Anche Leonardo Micera ha sottolineato l’impegno collettivo: “Il lavoro di squadra tra organizzatori, volontari e atleti è stato fondamentale. È stato emozionante vedere l’adrenalina negli occhi dei partecipanti e il supporto del pubblico.”
Anche tra i partecipanti, il bilancio è stato più che positivo. Rosy e Claudia, una delle coppie partecipanti, che ha conquistato il terzo posto della categoria donna/donna, raccontano:
“Una gara dura ma bellissima. Il passaggio in acqua e la corsa con i pesi ci hanno affaticate molto, ma proprio lì si è visto quanto conti la sintonia di coppia. Ci siamo supportate dall’inizio alla fine”.

“L’organizzazione è stata superlativa – ha dichiarato Sabino, terzo podio in coppia con Graziana nella categoria uomo/donna – Non ci aspettavamo un evento così curato nei dettagli. L’atmosfera era carica, ma sempre positiva e rispettosa delle regole.”
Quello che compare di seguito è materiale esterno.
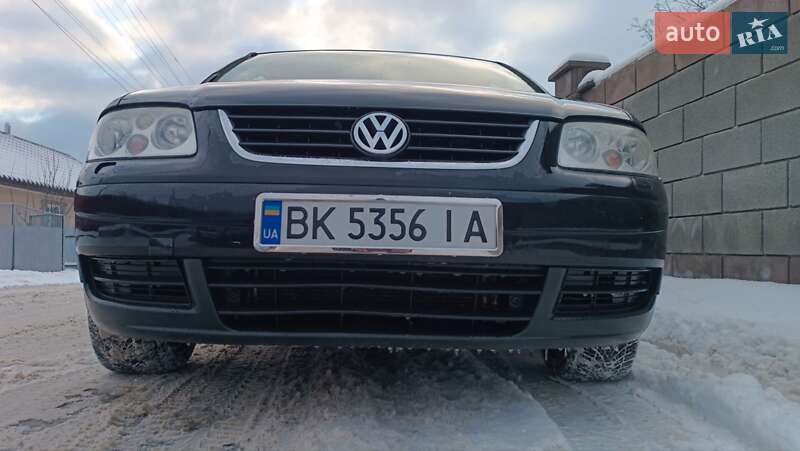 Мінівен Volkswagen Touran 2005 в Сарнах
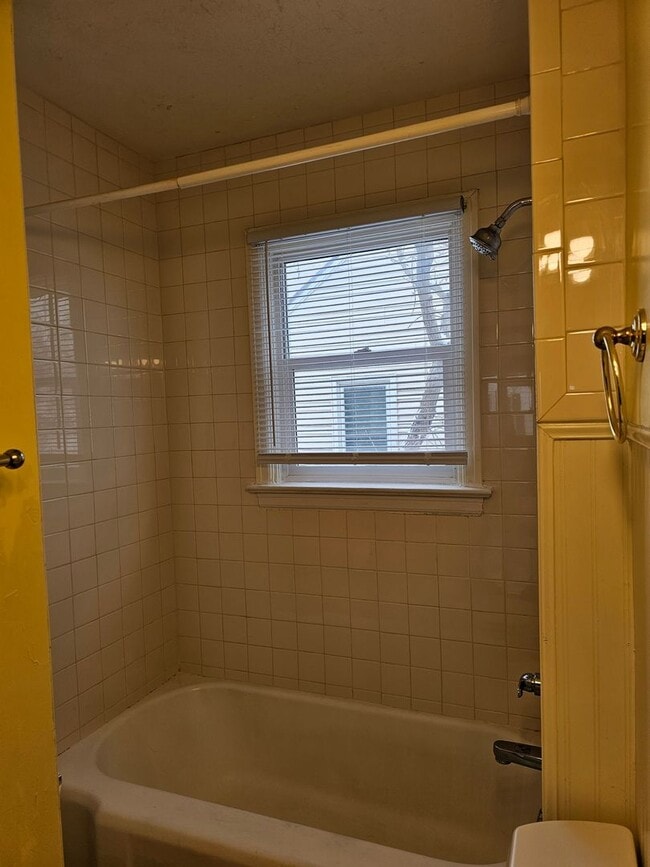 Photo - 915 W 28th St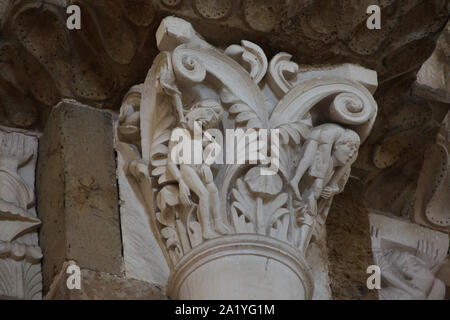 Aufhängen von Judas in der Romanischen Kapital aus dem 12. Jahrhundert in der Basilika der Heiligen Maria Magdalena (Basilika Sainte-Marie-Madeleine de Vézelay) Der vézelay Abtei Sainte-Marie-Madeleine (Abbaye de Vézelay) in Vézelay, Burgund, Frankreich dargestellt. Stockfoto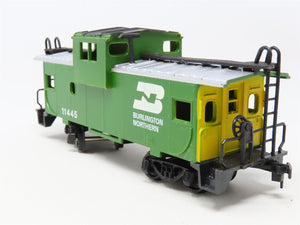 HO Scale Bachmann 825 BN Burlington Northern GP40 Diesel Locomotive w/Caboose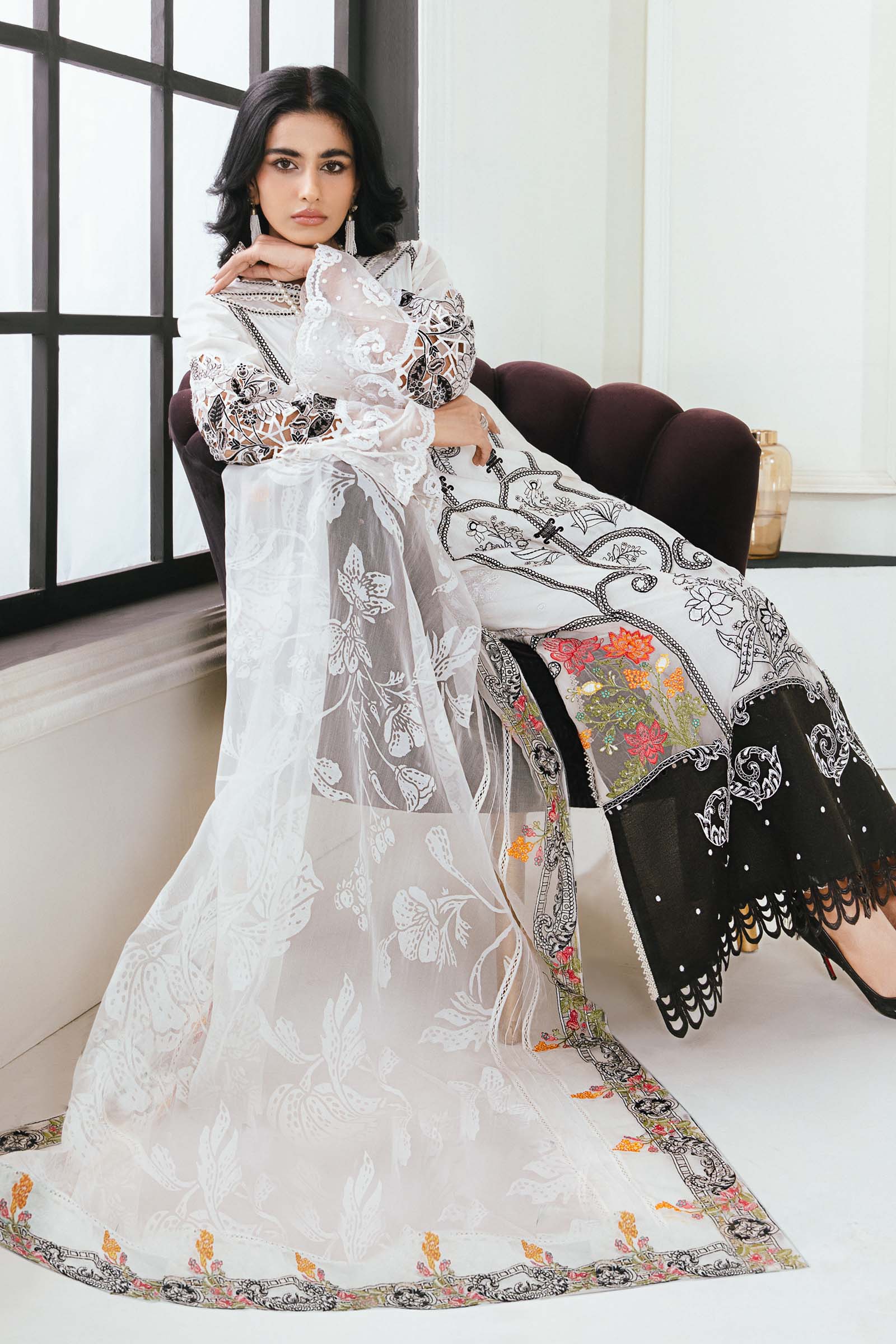3 Piece Embroidered Lawn Suit - Image 2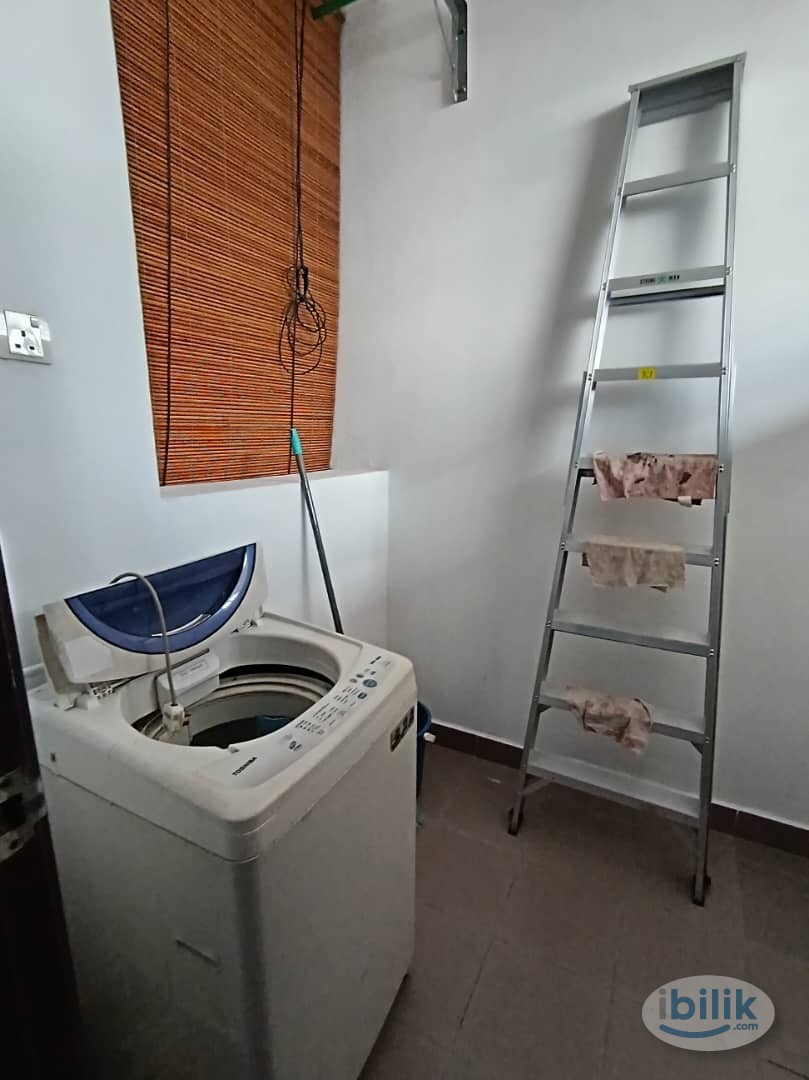 Image 4 of Male Room at SuriaMas Suites @ Larkin JB Town - Room rental in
Cuore, valori e appartenenza
Il Dekhyrock non è stato solo una gara. È stato un inno alla passione, al sacrificio, all’amicizia e allo spirito di condivisione. Eventi come questo nascono dal cuore di chi crede nello sport come strumento per unire, per creare legami autentici, per insegnare che insieme si può andare più lontano.
In un momento storico in cui spesso ci si sente distanti, il Dekhyrock ha saputo richiamare atleti, famiglie, amici e curiosi, trasformando una giornata di sport in una festa condivisa. I sorrisi alla partenza, gli abbracci al traguardo, le mani tese a chi stava per cedere: sono queste le immagini che restano impresse, molto più delle classifiche.
“Quando organizzi qualcosa con il cuore, la gente lo sente,” ha detto con emozione Emy Lopresto.
“Abbiamo visto persone che si erano appena conosciute sostenersi come amici di sempre. Questo è lo sport in cui crediamo e che vogliamo.”
Verso la seconda edizione

Il successo di questa prima edizione è stato così travolgente che gli organizzatori hanno già messo mano alla prossima:
“Ci saranno novità sorprendenti,” promette Simone Scasseddu. “Il format funzionerà ancora meglio, vogliamo spingere ancora più in là il concetto di sfida condivisa.”
Il Dekhyrock si candida così a diventare un punto di riferimento per chi cerca nello sport non solo competizione, ma anche condivisione, fiducia e spirito di squadra.
Appuntamento al prossimo anno… perché chi corre insieme, sogna più lontano!